Exercise objective
The output must reproduce each line of the data word for word.
::::::::
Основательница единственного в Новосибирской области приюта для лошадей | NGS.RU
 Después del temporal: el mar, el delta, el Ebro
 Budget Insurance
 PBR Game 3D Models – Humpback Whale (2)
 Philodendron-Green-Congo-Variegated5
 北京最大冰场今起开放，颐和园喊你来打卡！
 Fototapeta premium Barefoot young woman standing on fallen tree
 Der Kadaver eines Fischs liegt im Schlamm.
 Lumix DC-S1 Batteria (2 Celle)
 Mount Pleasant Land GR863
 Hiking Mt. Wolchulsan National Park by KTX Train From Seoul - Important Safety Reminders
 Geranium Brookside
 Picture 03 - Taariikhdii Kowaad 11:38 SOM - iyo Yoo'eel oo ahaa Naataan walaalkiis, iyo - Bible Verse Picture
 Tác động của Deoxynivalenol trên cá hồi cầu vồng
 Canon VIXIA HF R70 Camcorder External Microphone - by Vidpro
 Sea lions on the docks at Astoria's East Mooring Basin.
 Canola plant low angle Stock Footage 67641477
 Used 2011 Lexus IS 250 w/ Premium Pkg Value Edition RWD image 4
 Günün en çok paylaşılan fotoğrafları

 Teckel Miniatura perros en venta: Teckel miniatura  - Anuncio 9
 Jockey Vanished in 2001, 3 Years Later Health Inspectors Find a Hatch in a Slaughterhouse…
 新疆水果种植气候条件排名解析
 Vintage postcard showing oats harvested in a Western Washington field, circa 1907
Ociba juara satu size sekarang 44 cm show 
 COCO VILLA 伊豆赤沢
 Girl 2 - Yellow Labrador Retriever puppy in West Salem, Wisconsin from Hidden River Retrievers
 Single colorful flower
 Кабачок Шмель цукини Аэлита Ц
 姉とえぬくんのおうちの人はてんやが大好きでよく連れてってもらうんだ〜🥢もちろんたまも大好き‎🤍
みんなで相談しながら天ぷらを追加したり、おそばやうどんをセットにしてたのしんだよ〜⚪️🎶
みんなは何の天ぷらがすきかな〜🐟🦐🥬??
::::::::
Written response
Основательница единственного в Новосибирской области приюта для лошадей | NGS.RU
 Después del temporal: el mar, el delta, el Ebro
 Budget Insurance
 PBR Game 3D Models – Humpback Whale (2)
 Philodendron-Green-Congo-Variegated5
 北京最大冰场今起开放，颐和园喊你来打卡！
 Fototapeta premium Barefoot young woman standing on fallen tree
 Der Kadaver eines Fischs liegt im Schlamm.
 Lumix DC-S1 Batteria (2 Celle)
 Mount Pleasant Land GR863
 Hiking Mt. Wolchulsan National Park by KTX Train From Seoul - Important Safety Reminders
 Geranium Brookside
 Picture 03 - Taariikhdii Kowaad 11:38 SOM - iyo Yoo'eel oo ahaa Naataan walaalkiis, iyo - Bible Verse Picture
 Tác động của Deoxynivalenol trên cá hồi cầu vồng
 Canon VIXIA HF R70 Camcorder External Microphone - by Vidpro
 Sea lions on the docks at Astoria's East Mooring Basin.
 Canola plant low angle Stock Footage 67641477
 Used 2011 Lexus IS 250 w/ Premium Pkg Value Edition RWD image 4
 Günün en çok paylaşılan fotoğrafları

 Teckel Miniatura perros en venta: Teckel miniatura  - Anuncio 9
 Jockey Vanished in 2001, 3 Years Later Health Inspectors Find a Hatch in a Slaughterhouse…
 新疆水果种植气候条件排名解析
 Vintage postcard showing oats harvested in a Western Washington field, circa 1907
Ociba juara satu size sekarang 44 cm show 
 COCO VILLA 伊豆赤沢
 Girl 2 - Yellow Labrador Retriever puppy in West Salem, Wisconsin from Hidden River Retrievers
 Single colorful flower
 Кабачок Шмель цукини Аэлита Ц
 姉とえぬくんのおうちの人はてんやが大好きでよく連れてってもらうんだ〜🥢もちろんたまも大好き‎🤍
みんなで相談しながら天ぷらを追加したり、おそばやうどんをセットにしてたのしんだよ〜⚪️🎶
みんなは何の天ぷらがすきかな〜🐟🦐🥬??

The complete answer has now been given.